The object on which the invention is based is furthermore achieved by a stator for an electric machine, having a stator core with an axial end face and a stator winding which has a number N of phases and is formed sectional from shaped conductors extending through the stator core and from first to Nth connection portions which at the end face adjoin a part of the shaped conductors, are situated at different angular positions of a circumferential direction and extend in the axial direction, and are configured either to form a star point or to form connections for the phases, wherein the connection portions have a pair of parallel side faces, wherein the first (N−1)th connection portions are deformed relative to the Nth connection portion such that the pair of parallel side faces of the first to the Nth connection portions are oriented substantially parallel, in particular parallel, to one another.

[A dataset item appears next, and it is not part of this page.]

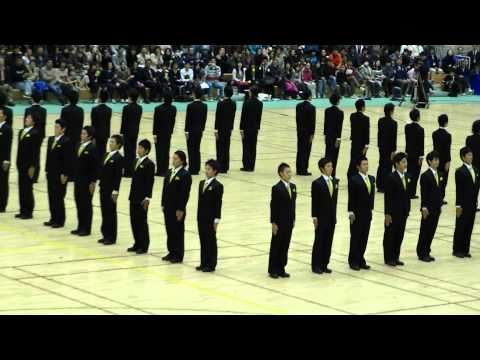 Japanese will amaze you with their extreme synchronised walking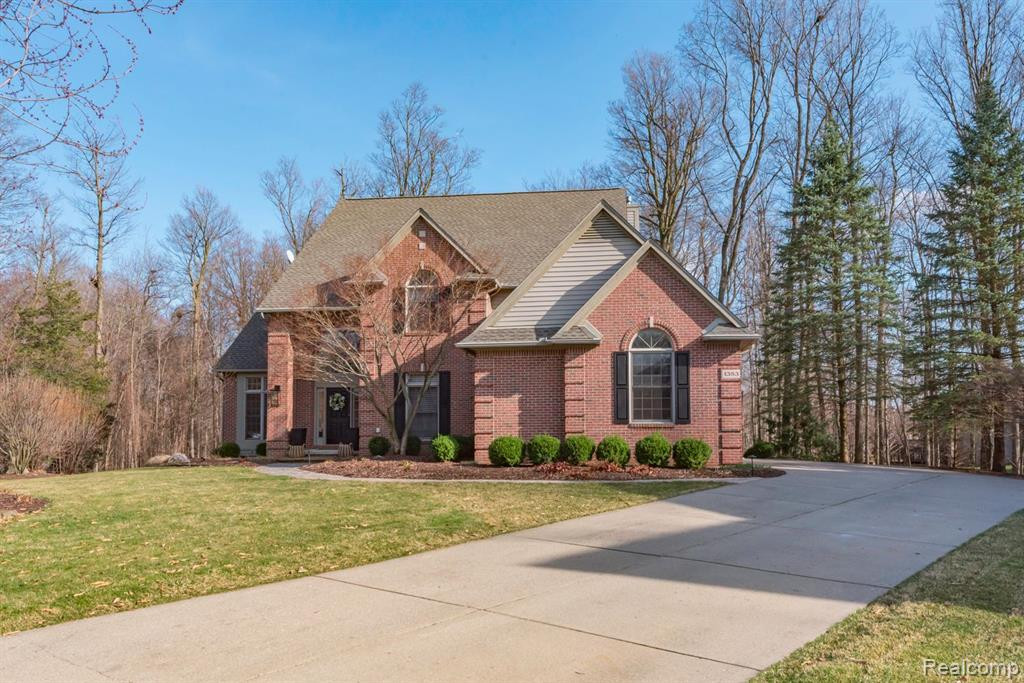 1363 WHISPERING MAPLES Court, Ann Arbor, MI 48108 — Photo 2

The stator according to the invention for an electric machine has a stator core. The stator core has an axial end face. The stator furthermore has a stator winding. The stator winding comprises a number N of phases. The stator winding is formed, in part, by shaped conductors. The shaped conductors extend through the stator core. The stator winding is furthermore formed sectional from first to Nth connection portions. At the end face, the first to Nth connection portions adjoin a part of the shaped conductors. The first to the Nth connection portions are situated at different angular positions of a circumferential direction and extend in the axial direction. The first to the Nth connection portions are designed either to form a star point or to form connections for the phases. The connection portions have a pair of parallel side faces. The first to the (N−1)th connection portions are deformed relative to the Nth connection portion such that the pair of parallel side faces of the first to the Nth connection portions are oriented substantially parallel, in particular parallel, to one another.
The stator according to the invention is distinguished in particular in that the first to the Nth connection portions are oriented similarly, so that their pairs of parallel sides are oriented substantially parallel to one another. This allows the arrangement of the connection unit according to the invention by the linear movement running in particular perpendicular or parallel to the extent direction of the connection portions.
The stator core is preferably formed by a plurality of mutually isolated stator laminations. A multiplicity of slots, which are arranged along the circumferential direction and extend from the end face to an axially opposite further end face, may be formed in the stator core. The shaped conductors may be received in the slots.
The shaped conductors are preferably formed by rods made of an electrically conductive metal, in particular copper. The shaped conductors are preferably arranged, radially layered in a respective slot, with a predetermined even number of layers, in particular four, six, eight, ten or twelve layers. The number of strands typically corresponds to a number of phases of the stator. N may be greater than or equal to three, preferably is precisely three.
The stator winding may be configured as a hairpin winding. At the first end face and at a second end face axially opposite the first end face, the shaped conductors of a respective phase may be electrically connected together by connectors so as to form a series circuit or multiple series circuits. Preferably, connectors of the first type are formed integrally with the shaped conductors at the first end face. At the second end face, pairs of shaped conductors may be electrically conductively connected by connectors of the second type. The connectors of the second type may each have two connecting portions, which in particular integrally adjoin the shaped conductors of the pair. The connecting portions may be electrically conductively connected together in pairs, in particular by substance bonding.
Each connection portion may comprise multiple connection elements, which each adjoin one of the shaped conductors. Preferably, each connection portion has a connection element for each series circuit of the phase.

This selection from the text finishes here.